If the flywheel is an ideal thin cylindrical shell, then:

• moment of inertia of flywheel: 5 kg * 0.1^2 m2 = 0.05 kg-m2
  
  rotational energy of flywheel: 1/2 * 0.05 kg-m2 * w^2 = 50 kg-m2/s2

So, the angular velocity needed to get the same 50 joules is:

• w = (2 * 50 / 0.05)^ 0.5 rad/seg = 44 rad/seg
  w = 44 rad/seg * (1 revolution / 2 * Pi rad) * (60 sec/1 minute) = 420 rpm

A change in rotational speed of 420 rpm in the flywheel is enough to move the car 10 degrees.

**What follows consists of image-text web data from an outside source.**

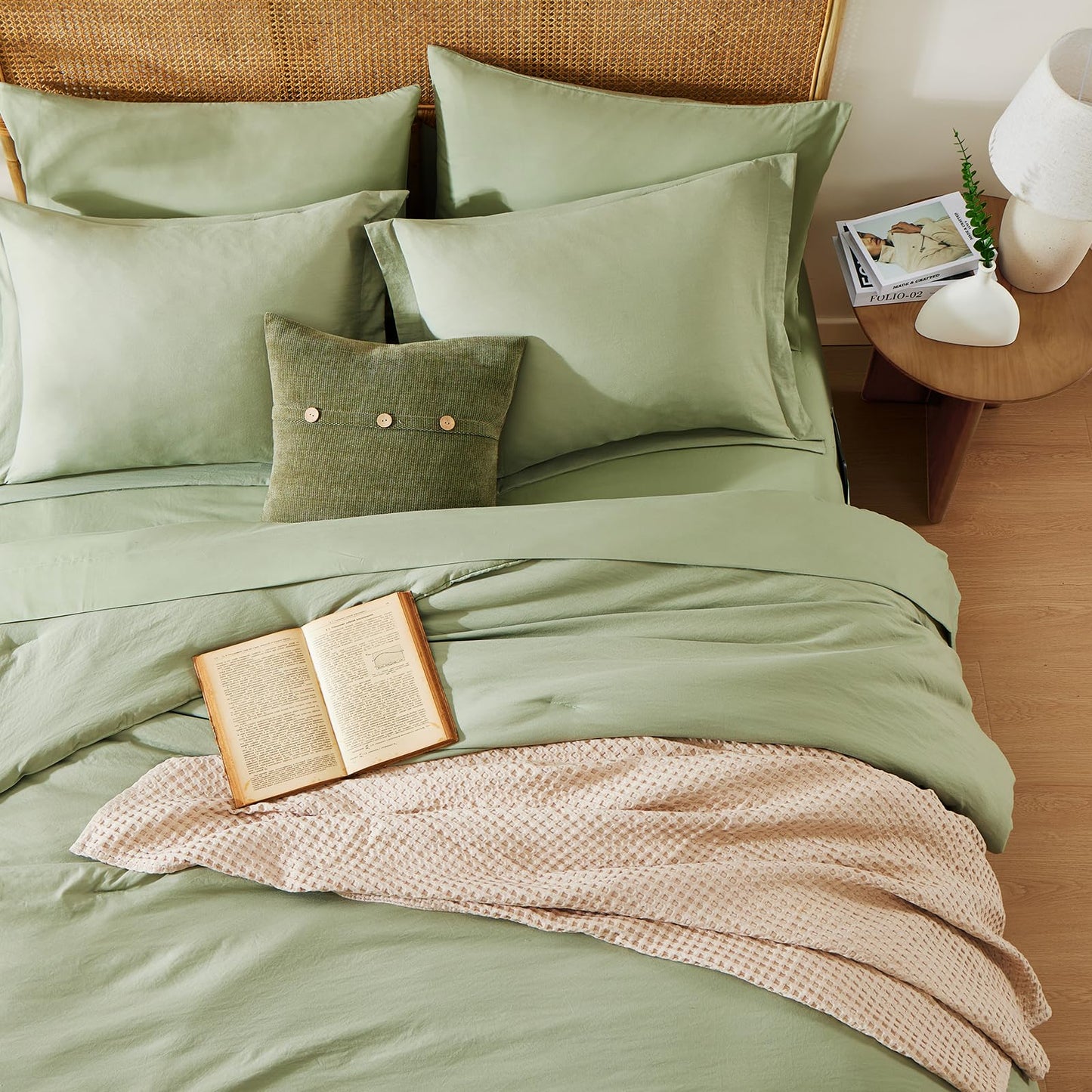 WRENSONGE Queen Comforter Set - 7 Pieces Sage Green Soft Bed in a Bag Queen with Fitted Sheet, Flat Sheet, 2 Pillow Shams, and 2 Pillowcases- Warm Bedding Sets for All Season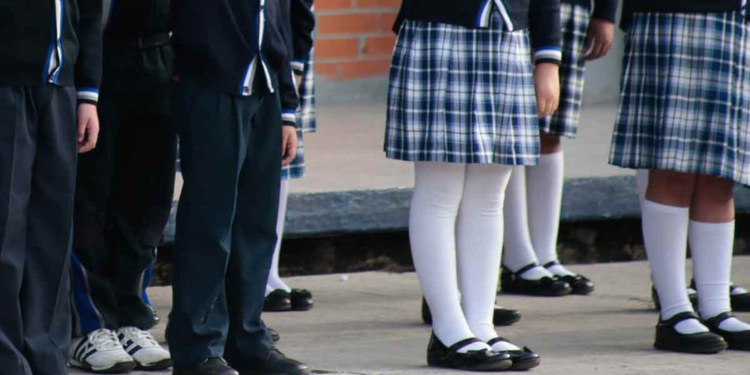 CDMX aprueba reforma que permite a estudiantes elegir usar pantalón o falda en la escuela  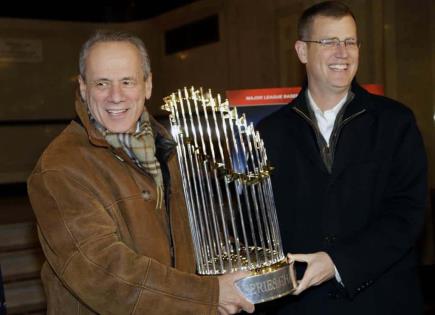 Subasta de Reliquias Deportivas de los Medias Rojas en Boston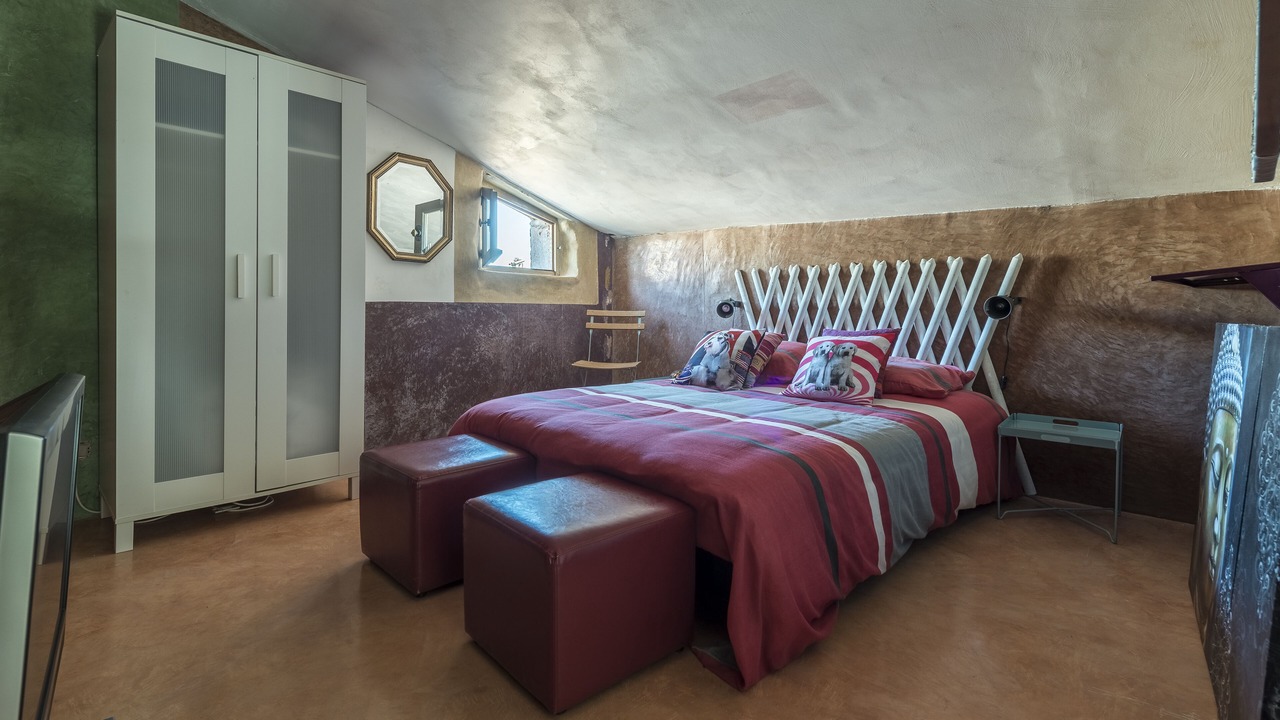 Photo of Bedroom in Saint-Michel-l'Observatoire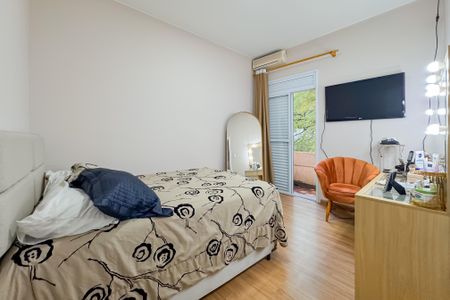 Casa à venda com 299m², 3 quartos e 3 vagasQuarto 1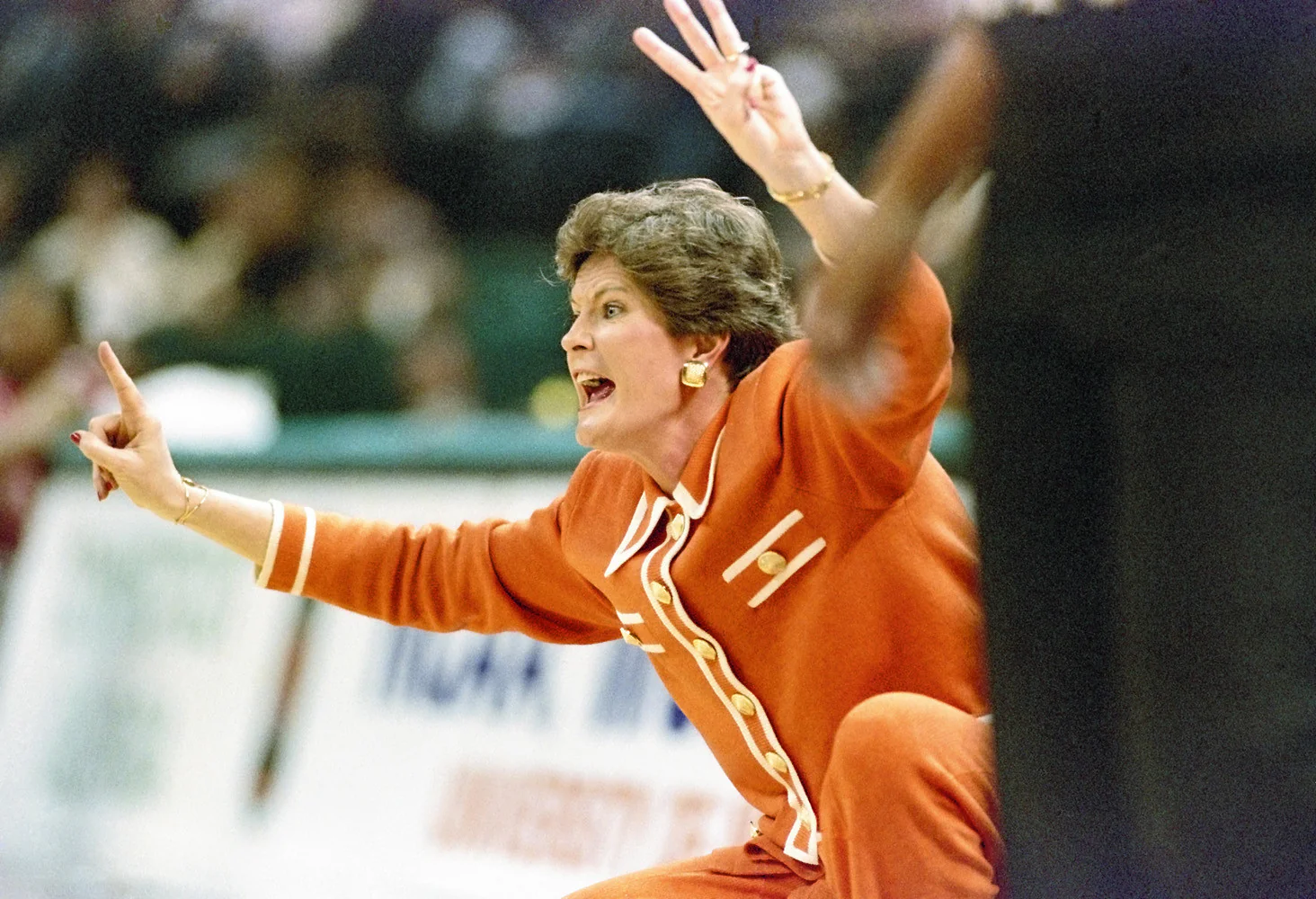 Summitt: A Pictorial Retrospective of College Basketball's Greatest Coach - Image 5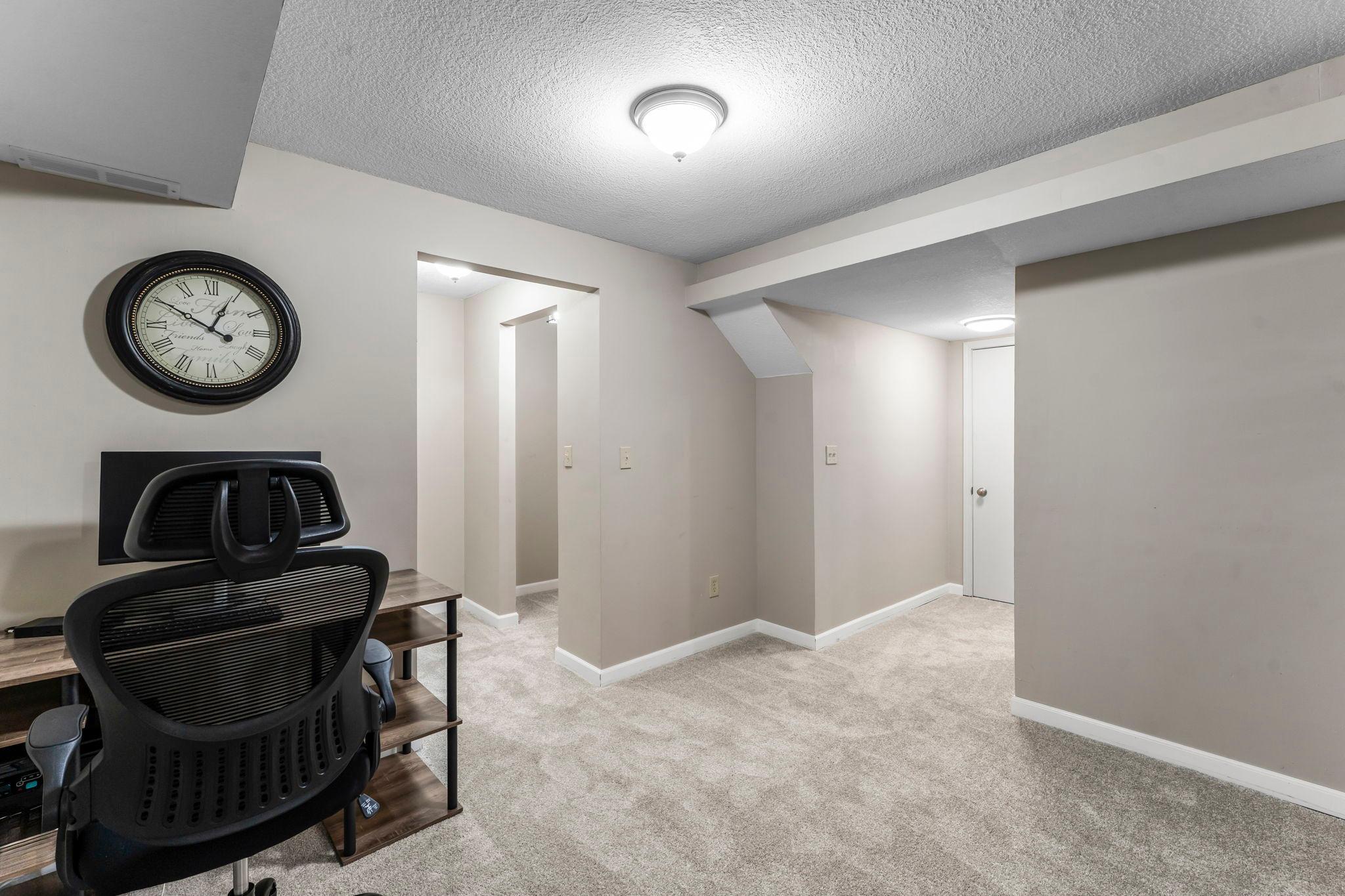 633 Sand Creek Drive NW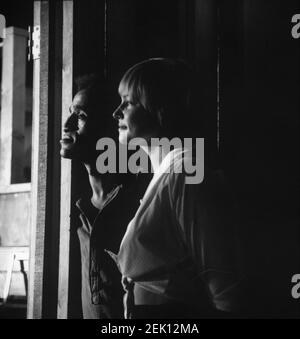 SAMMY DAVIS Jr e sua moglie POSSONO BRITT sul set Cannid durante la rottura nella ripresa di SERGEANTS 3 / SERGEANTS TRE 1962 regista JOHN STURGES Essex Productions / Meadway-Claude Productions Azienda / Artisti Uniti Foto Stock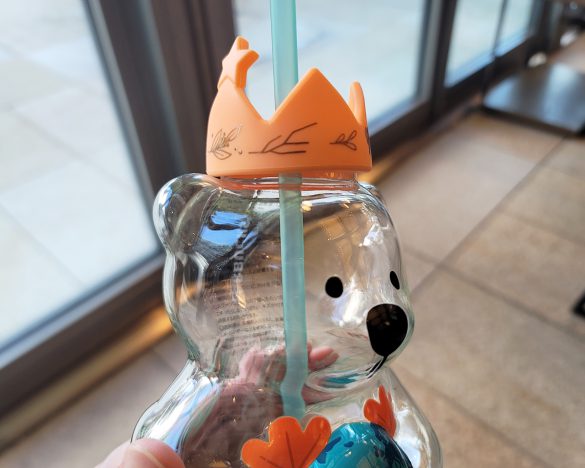 王冠型のリッド(フタ)にも細かいデザインが光ります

My largest "mistake", which I made on purpose, comes from the fact that I assumed a car with no friction with the ground. If the calculations are OK, they are true only for a car "on ice".

I'll tackle friction of wheels and track tomorrow: it's a holiday.

First conclusion: for "cars on ice", the change in flywheel rotation is pretty low, as is the energy needed. If we're talking of "damping" the movements of the car on the suspension, that is, without moving laterally the wheels, only to "help" the shock adsorbers the same way Renault mass damper worked, the idea is not only feasible, but also practical.

So, it's practical to use a flywheel to correct attitude for aerodynamic lateral sensibility (if you assume displacements of the same magnitude of the suspension travel).

Yes, yes, I know I did not took in account the energy spent on compressing the springs, but probably (not sure here) the spring is helping the flywheel, not opposing it.

So, at first sight we need a new regulation (like the Renault damper ruling) or some teams could use this trick (if I'm not totally wrong for reasons I still don't comprehend).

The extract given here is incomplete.